Telling herself it was safe, Sylvia gritted her teeth and hurried across the darkened room. She was almost to the window when her foot caught on something. She went down on both knees with a bruising thud. She reached back and felt the beveled post of the floor lamp. It had been knocked over somehow. A breeze, or…?

Suddenly afraid, Sylvia scrambled to her feet and fumbled for the lamp on Jeffy's end table, found the switch, twisted it.

Light. Blessed light.

She peered over at the window. The booger bug was still there alone on the screen, trying to strain itself through the mesh. It looked like it was making some headway too. Part of it had actually seeped through—

Sylvia's heart stumbled over a beat when she saw the jagged edges of the screen. My God, it wasn't seeping through the mesh, it was bulging through a jagged hole in it. She lunged for the window and slammed down the sash. Then she ran around the bed and closed the window on the other side.

But the question remained: had anything got in?

She stood and listened again. This time there was no buzzing. She let herself relax. She'd got here in time—just in time. But there were still other rooms to secure. Before heading further down the hall, she picked up the fallen floor lamp—

—and stopped, staring. The lampshade was chewn up, shredded, as if a teething puppy had been working at it for an hour. She dropped the lamp again and spun around, her skin rippling with fear. Nothing moved, nothing buzzed. But the door was open, and if something had got in, it could get loose in the house if she didn't close it.

Moving slowly, smoothly, as casually as she could, she stepped toward the door.

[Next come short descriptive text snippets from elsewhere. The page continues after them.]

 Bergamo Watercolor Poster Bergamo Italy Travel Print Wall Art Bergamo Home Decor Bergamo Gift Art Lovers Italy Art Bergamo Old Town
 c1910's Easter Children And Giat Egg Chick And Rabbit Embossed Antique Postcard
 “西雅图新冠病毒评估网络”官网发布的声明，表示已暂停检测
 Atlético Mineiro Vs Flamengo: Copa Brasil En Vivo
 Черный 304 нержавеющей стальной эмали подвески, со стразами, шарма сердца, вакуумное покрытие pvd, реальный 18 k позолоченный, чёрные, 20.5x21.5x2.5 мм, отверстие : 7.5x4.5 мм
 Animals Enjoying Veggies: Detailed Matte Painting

Her heart was thumping madly. If one of those chew bugs came after her she knew she'd fall apart and run screaming for the hall.

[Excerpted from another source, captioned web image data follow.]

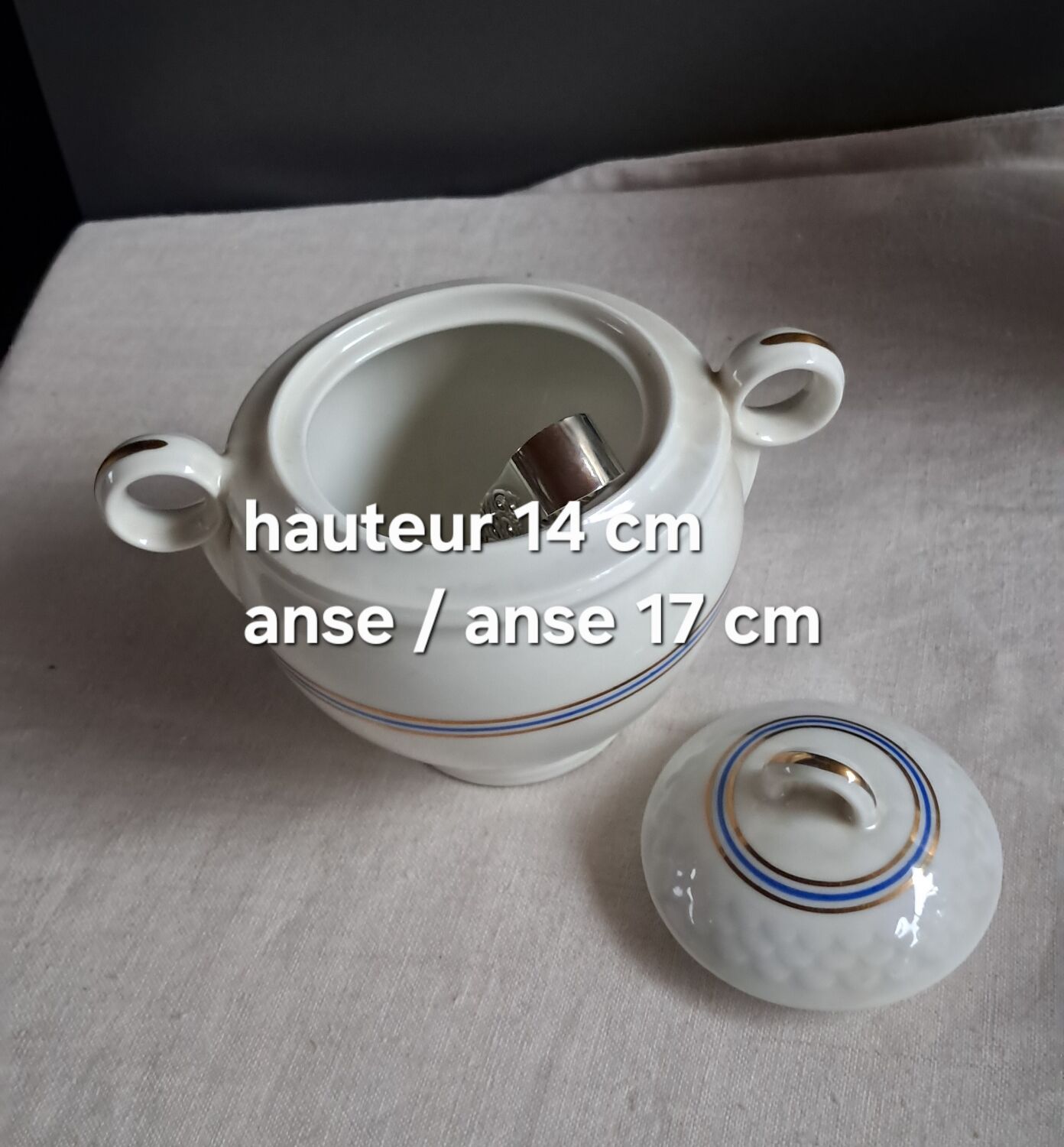 Teapot, sugar bowl, milk jug, jam jar.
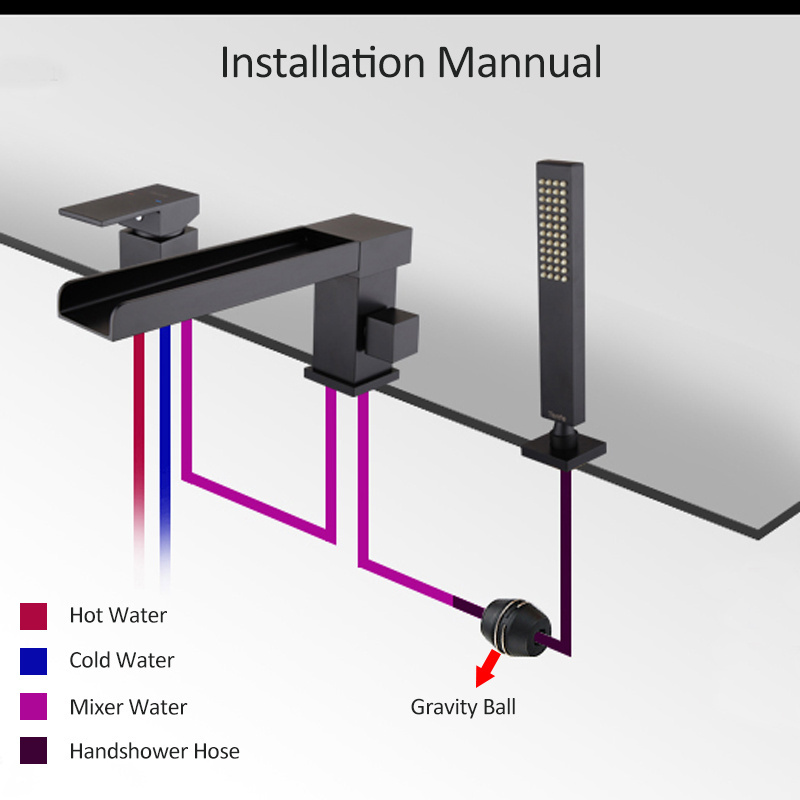 Matte Black Waterfall Bathtub Faucet With Pull Out Hand Shower Single Lever Mixer Tap Waterfall Basin Faucet Tap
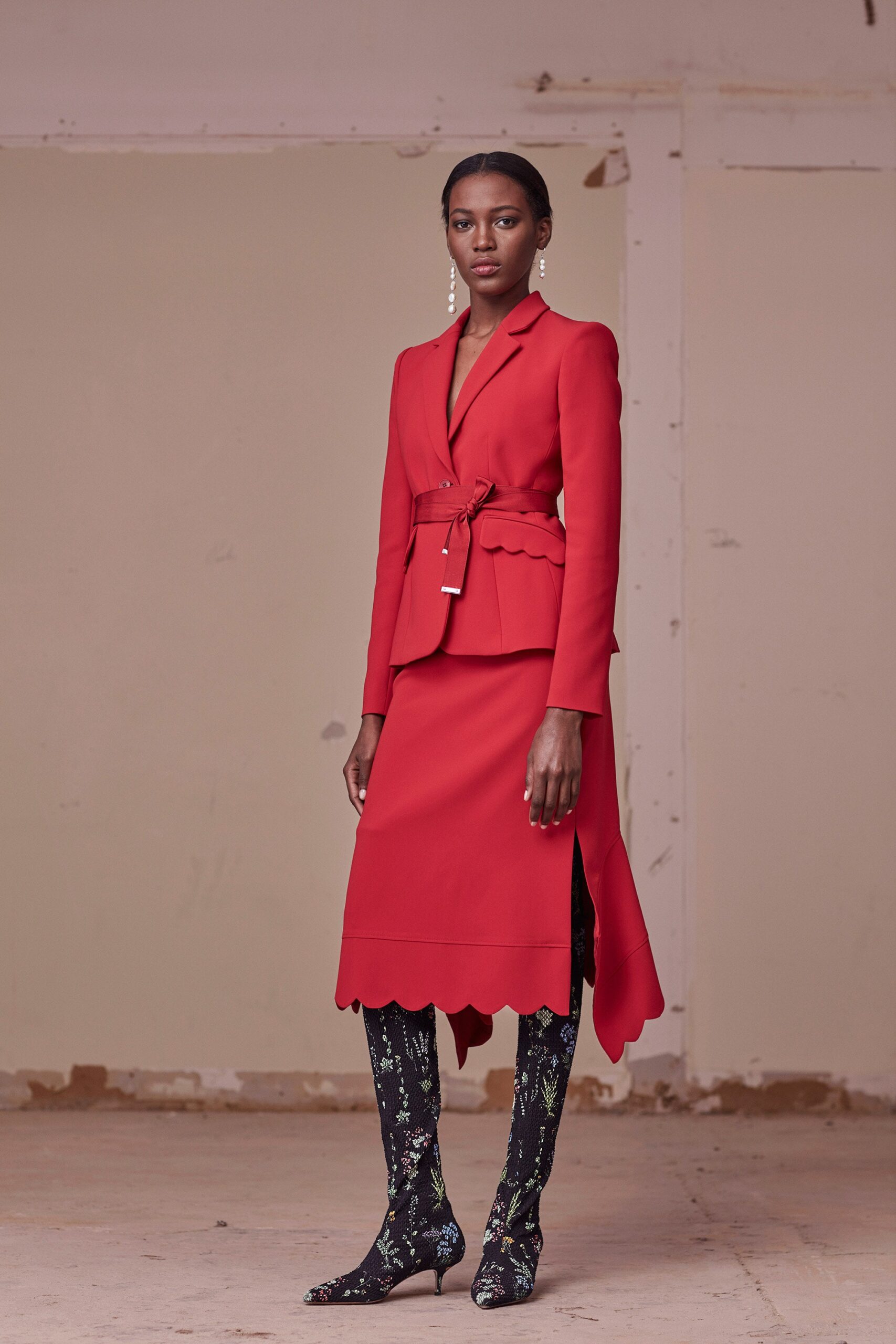 red long-sleeve collared tailored belted buttoned blazer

Almost there. Half a dozen feet or so and she'd be home free. She just had to stay calm and—

Sylvia heard it before she saw it. A ferocious buzz from the other side of the bed, a machine-gun rattle of hundred-toothed jaws banging against each other as they chewed the air, then a blur hurtling over the bed toward her face. She ducked but not quickly enough. It caught her hair, twisting her head around with an incendiary blaze of pain from her scalp. She felt a patch of hair rip from its follicles as the thing yanked free and swooped around the room. As she crouched, watching it, she heard another sudden buzz from behind her and instinctively threw herself to the side. A second chew bug darted past her ear, jaws clicking dangerously close.

Two of them!

She stumbled in a circle, turned, felt something soft press against her calves, and then she was falling backward onto the bed. The mad clicking accelerated and the dissonant harmony of the buzzes rose in pitch as they came in together. Sylvia grabbed Jeffy's pillow and held it before her. The impact of the two creatures knocked her onto her back amid a squall of feathers. She could feel them wriggling, chewing their way into the pillow. She turned the pillow over, trapping them against Jeffy's bedspread.

"Got you!" She cried, and laughed. It was an awful sound, tinged with hysteria.

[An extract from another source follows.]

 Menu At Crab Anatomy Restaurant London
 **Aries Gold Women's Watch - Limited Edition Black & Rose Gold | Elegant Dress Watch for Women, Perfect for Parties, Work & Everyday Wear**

She glanced at the open door. With these things immobilized for the moment, she could make it. But just as she was about to ease her grip on the pillow, a pair of tooth-encrusted jaws burst through the case and snapped at her. She screamed and ran for the door, slipping on the feathers, scrabbling along on her hands and knees until she reached it. She rolled through, stretched up and grabbed the knob, and was just pulling the door closed when the two chew bugs hurtled through the air above her and dove toward the first floor.

"No!" she cried.

And even before they were out of sight she heard an angry shout from Alan in the kitchen. She got to her feet and ran downstairs where she met Alan and Ba in the foyer. Ba, cleaver in hand, looked like a mad oriental chef.

Alan's eyes widened when he saw her.

"Sylvia! What happened?" He was staring at her head.

"Why?" She touched the sore spot on her scalp. Her fingers came away wet and red. Some of her skin must have come away with her hair. "Two of those things upstairs—in Jeffy's room. They got away and came down here. Did you see them?"